Why the implicit function is a function?

 

[caffeinemachine]

Why the implicit function is a function?

Can you state what you mean by an implicit function?

 

[Olinguito]

An implicit function is a function that is not (sometimes cannot be) given explicitly. The most direct way of specifying a function is to give its value for each member of its domain:
$$f:\{1,2,3\}\to\{1,4,9\};\ f(1)=1,f(2)=4,f(3)=9.$$
It is however more usual to define a function by means of a formula:
$$f:\mathbb Z\to\mathbb Z;\,f(n)=n^2.$$
Formulas can be recursive:
$$f:\mathbb Z^+\to\mathbb Z^+; f(0)=f(1)=1,f(n+2)=f(n+1)+f(n)$$
(which defines the Fibonacci sequence) or somewhat more complicated:
$$f:\mathbb R^+\to\mathbb R;\,f(x)=\int_0^\infty t^{x-1}e^{-t}\,\mathrm dt$$
(which defines the gamma function). These are all explicitly defined functions. But you can also define a function as follows:
$$f:[-1,\,1]\to[0,\,1];\,f(x)\in\{y\in[0,\,1]:y\ge0,\ x^2+y^2=1\}.$$
This defines the upper unit semicircle. In other words, $f$ is the function such that $f(x)\ge0$ satisfies the implicit equation $x^2+f(x)^2-1=0$. This is an example of an implicit function.

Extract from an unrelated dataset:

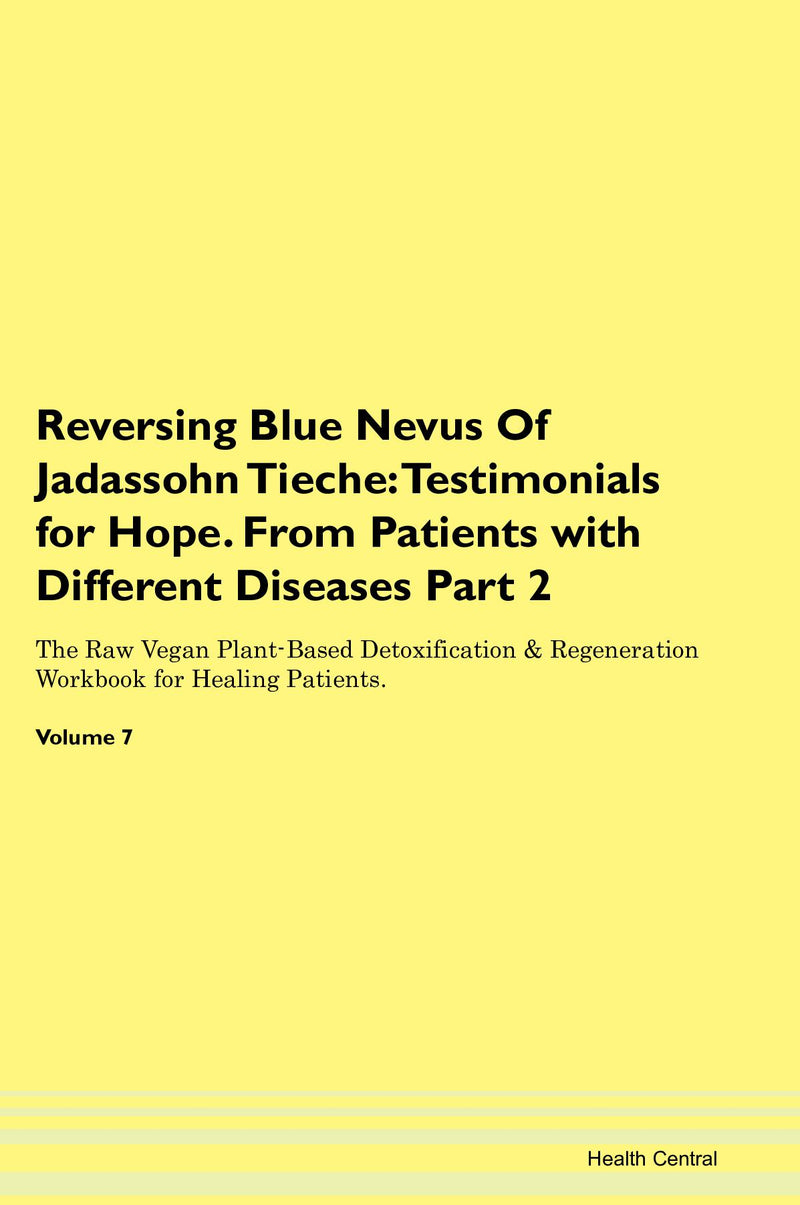 Reversing Blue Nevus Of Jadassohn Tieche: Testimonials for Hope. From Patients with Different Diseases Part 2 The Raw Vegan Plant-Based Detoxification & Regeneration Workbook for Healing Patients. Volume 7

Of course the above implicit function can be defined explicitly as
$$f:[-1,\,1]\to[0,\,1];\,f(x)=\sqrt{1-x^2}.$$
But not all implicit functions can be redefined explicitly. One of the most important examples of such a function is the Lambert W function.

If you’re into the rigours of set theory, the formal definition of a function is as follows: Let $A$ and $B$ be sets; then a function $f$ from a set $A$ to $B$, written $f:A\to B$, is the triple $(A,B,G)$ where $G\subseteq A\times B$ such that $\forall a\in A$, $\exists b\in B$ such that $(a,b)\in G$ and $\forall a\in A,\,b_1,b_2\in B$, $(a,b_1),(a,b_2)\in G$ $\implies$ $b_1=b_2$. $A,B,G$ are called the domain, codomain, and graph respectively of the function $f$; if $(a,b)\in G$ we write $f(a)=b$.

 

[HOI]

Why the implicit function is a function?

On the contrary, an "implicit function" is NOT a function but implies a function. A "function" would be of the form y= f(x) where "f(x)" is some formula in the variable x. If, instead, we write 2y+ 8x= 5, we call that an "implicit function" because we can solve for y as a function: y= f(x)= 5/2- 4x. A bit more complicated is $$x^2+ y^2= 4$$ which implies two functions, $$y= f(x)= \sqrt{4- x^2}$$ and $$y= g(x)= -\sqrt{4- x^2}$$.